Murder, destruction, hatred, sexual folly, gender-bending insanity—all of these things are demonic graffiti on that which displays the image of God in creation. And so the great irony of our culture is that we are are a people of demon-worshiping materialists.
On paper, we tend to talk as if life is a matter of molecules in motion, then proceed to wage undeniably demonic war on God's image. We dismember unborn children, cut off male genitals and female breasts, exchange marriage and childbearing for barren, dual-income-no-kid households, economically enslave, steal, kill, disfigure, and destroy, because ours is a culture enslaved to demons.
So one of the devil's most effective strategies has been the disenchanting of the West—the promulgation of the lie that the world is just brute stuff—that humanity itself is just brute stuff, the descendant of lighting-struck primordial goo.
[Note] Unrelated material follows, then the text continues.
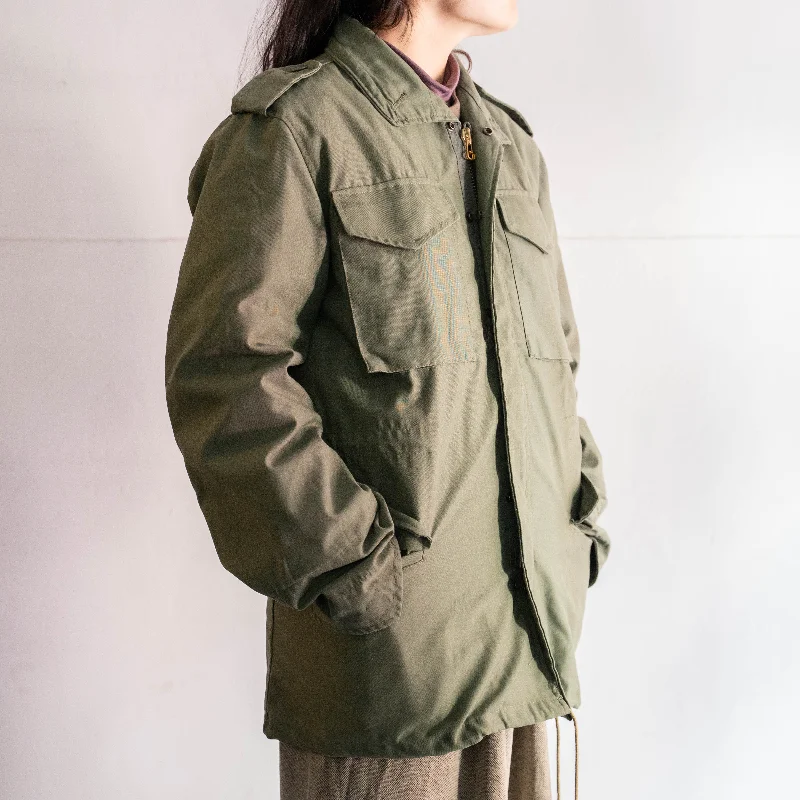 around 1980s US military M-65 cold weather field jacket -with liner- 'civilian type'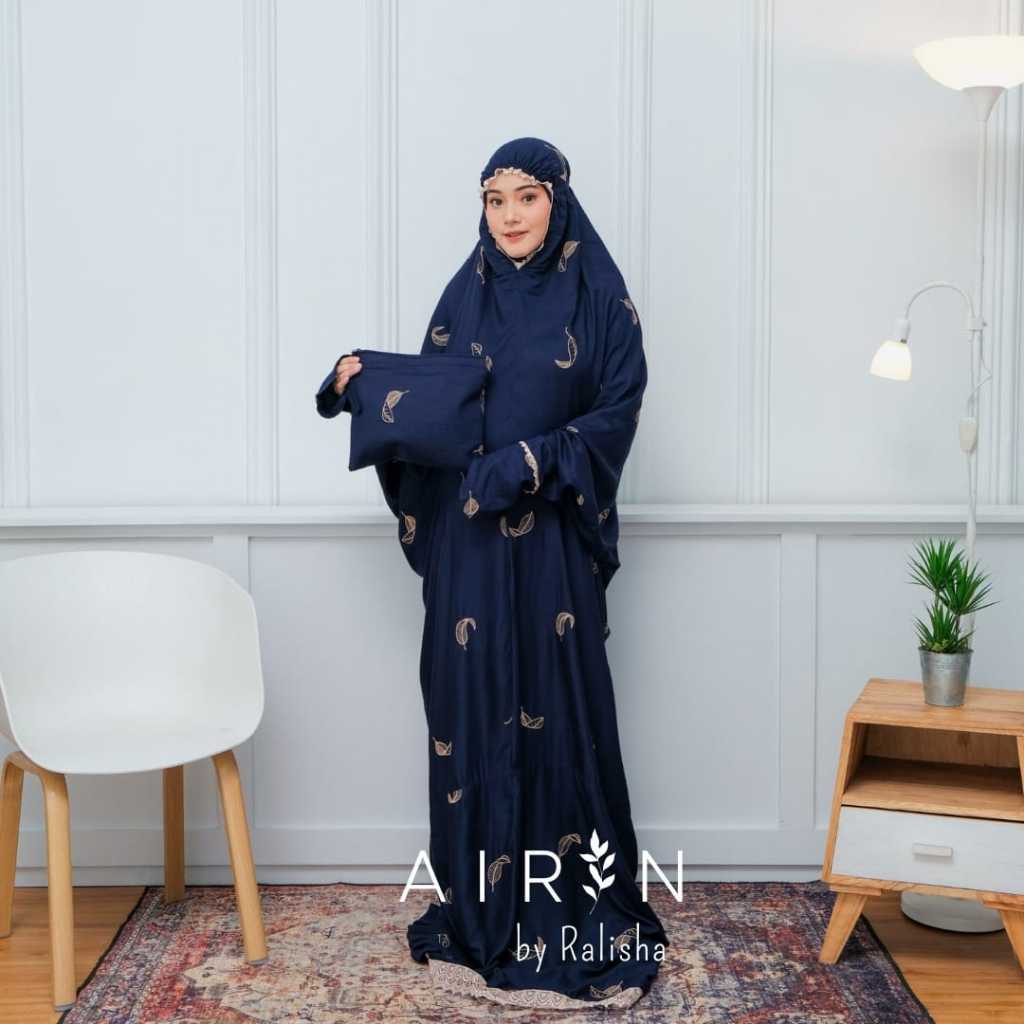 Mukena Terusan Jumbo Katun Rayon Premium Bordir Mewah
But don't be deceived: We wrestle with powers and principalities in the heavenly places, not mere stuff. Not mere brain chemistry and billiard-ball atoms.
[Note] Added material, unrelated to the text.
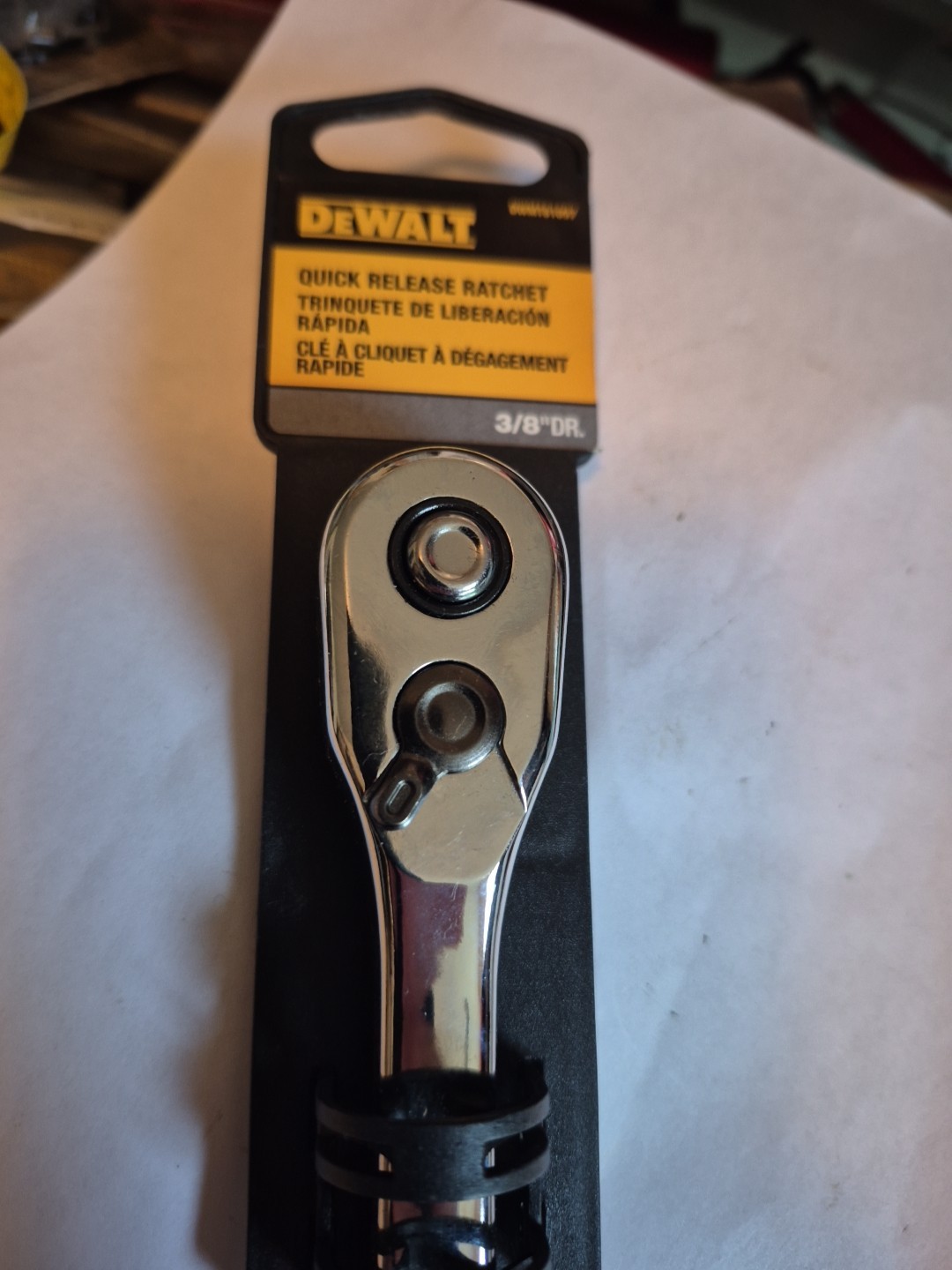 DEWALT QUICK RELEASE RATCHET [DWMT81097] 3/8» DRIVE NEW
The Demons Believe—& Shudder!
Which is why it’s so important to see that Christ is Lord of the supernatural, just as he is Lord of the natural. This blazes out of Matthew’s account here in Matthew 8.
“And when he came to the other side, to the country of the Gadarenes, two demon-possessed men met him, coming out of the tombs, so fierce that no one could pass that way. And behold, they cried out, “What have you to do with us, O Son of God? Have you come here to torment us before the time?”
-Matthew 8:28–29
As James 2:19 teaches us, so we see here: Even the demons believe—and shudder! The demons know who this Christ is—the Son of God—and their inevitable doom. “Have you come here to torment us before the time?” They know that there is a day appointed on which God will judge all his enemies.
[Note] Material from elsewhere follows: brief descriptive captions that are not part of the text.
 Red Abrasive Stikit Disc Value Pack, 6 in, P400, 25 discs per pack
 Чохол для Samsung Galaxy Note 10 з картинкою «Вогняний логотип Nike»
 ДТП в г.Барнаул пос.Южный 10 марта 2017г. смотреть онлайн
And they know that as the Son of God, they are dealing with one who has nothing whatsoever to do with their domain: “What have you to do with us, O Son of God?” The Kingdom of God is utterly alien to their twisted domain. Matthew continues the account in verse 30,
“Now a herd of many pigs was feeding at some distance from them. And the demons begged him, saying, “If you cast us out, send us away into the herd of pigs.” And he said to them, “Go.” So they came out and went into the pigs, and behold, the whole herd rushed down the steep bank into the sea and drowned in the waters. “
-Matthew 8:30–32
What we are seeing here in this account, as we saw in previous accounts of Christ’s victory over demonic oppression, is a shadow of what Christ has come to do, and his power and authority to do what he came to do.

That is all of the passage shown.